• _BRIEF_
Retype exactly the lines from the line with "V-Mart Girls Printed" to the end of the data, keeping both boundary lines.

DATA FOR PROCESSING below:

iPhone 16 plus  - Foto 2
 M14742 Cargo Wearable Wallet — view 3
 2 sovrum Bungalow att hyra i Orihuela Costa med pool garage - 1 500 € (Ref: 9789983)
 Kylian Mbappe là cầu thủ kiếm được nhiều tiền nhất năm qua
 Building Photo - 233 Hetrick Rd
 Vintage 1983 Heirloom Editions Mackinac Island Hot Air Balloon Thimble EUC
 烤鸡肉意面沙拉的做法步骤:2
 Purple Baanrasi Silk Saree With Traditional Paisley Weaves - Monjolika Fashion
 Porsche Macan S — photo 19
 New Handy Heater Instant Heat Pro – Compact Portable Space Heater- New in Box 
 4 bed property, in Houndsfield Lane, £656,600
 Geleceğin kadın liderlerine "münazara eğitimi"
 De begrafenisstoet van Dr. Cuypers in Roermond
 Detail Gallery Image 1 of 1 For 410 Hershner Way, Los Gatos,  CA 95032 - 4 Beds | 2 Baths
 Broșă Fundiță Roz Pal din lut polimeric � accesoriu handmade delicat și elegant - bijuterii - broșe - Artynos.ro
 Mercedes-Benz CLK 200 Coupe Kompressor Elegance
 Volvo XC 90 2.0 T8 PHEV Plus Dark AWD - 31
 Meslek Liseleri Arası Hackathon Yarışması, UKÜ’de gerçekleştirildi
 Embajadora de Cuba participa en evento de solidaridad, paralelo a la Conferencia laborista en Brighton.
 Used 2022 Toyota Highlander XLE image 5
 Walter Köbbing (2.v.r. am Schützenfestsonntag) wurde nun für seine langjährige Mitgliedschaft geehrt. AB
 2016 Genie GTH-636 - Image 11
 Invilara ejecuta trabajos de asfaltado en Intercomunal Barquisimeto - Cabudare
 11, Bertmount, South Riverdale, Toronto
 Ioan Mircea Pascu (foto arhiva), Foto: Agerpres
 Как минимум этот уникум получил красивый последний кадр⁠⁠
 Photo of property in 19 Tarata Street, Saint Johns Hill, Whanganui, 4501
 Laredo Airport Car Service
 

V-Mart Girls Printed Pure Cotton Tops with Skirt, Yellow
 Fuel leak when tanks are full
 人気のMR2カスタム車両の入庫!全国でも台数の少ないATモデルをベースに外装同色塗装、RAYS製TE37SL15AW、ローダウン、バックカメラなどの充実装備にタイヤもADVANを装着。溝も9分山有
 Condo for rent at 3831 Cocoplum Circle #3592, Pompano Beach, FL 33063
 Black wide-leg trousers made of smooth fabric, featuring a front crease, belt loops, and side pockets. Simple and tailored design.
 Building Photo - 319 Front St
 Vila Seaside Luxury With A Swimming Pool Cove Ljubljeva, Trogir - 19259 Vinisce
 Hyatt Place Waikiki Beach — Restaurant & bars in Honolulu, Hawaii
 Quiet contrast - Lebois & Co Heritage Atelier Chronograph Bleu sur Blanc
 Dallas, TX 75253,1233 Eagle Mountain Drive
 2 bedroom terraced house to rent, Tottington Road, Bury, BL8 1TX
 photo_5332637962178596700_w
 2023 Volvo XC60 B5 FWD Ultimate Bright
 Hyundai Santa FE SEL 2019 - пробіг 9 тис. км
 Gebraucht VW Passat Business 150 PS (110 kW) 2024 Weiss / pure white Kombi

End of DATA FOR PROCESSING.

• _THE ANSWER_
V-Mart Girls Printed Pure Cotton Tops with Skirt, Yellow
 Fuel leak when tanks are full
 人気のMR2カスタム車両の入庫!全国でも台数の少ないATモデルをベースに外装同色塗装、RAYS製TE37SL15AW、ローダウン、バックカメラなどの充実装備にタイヤもADVANを装着。溝も9分山有
 Condo for rent at 3831 Cocoplum Circle #3592, Pompano Beach, FL 33063
 Black wide-leg trousers made of smooth fabric, featuring a front crease, belt loops, and side pockets. Simple and tailored design.
 Building Photo - 319 Front St
 Vila Seaside Luxury With A Swimming Pool Cove Ljubljeva, Trogir - 19259 Vinisce
 Hyatt Place Waikiki Beach — Restaurant & bars in Honolulu, Hawaii
 Quiet contrast - Lebois & Co Heritage Atelier Chronograph Bleu sur Blanc
 Dallas, TX 75253,1233 Eagle Mountain Drive
 2 bedroom terraced house to rent, Tottington Road, Bury, BL8 1TX
 photo_5332637962178596700_w
 2023 Volvo XC60 B5 FWD Ultimate Bright
 Hyundai Santa FE SEL 2019 - пробіг 9 тис. км
 Gebraucht VW Passat Business 150 PS (110 kW) 2024 Weiss / pure white Kombi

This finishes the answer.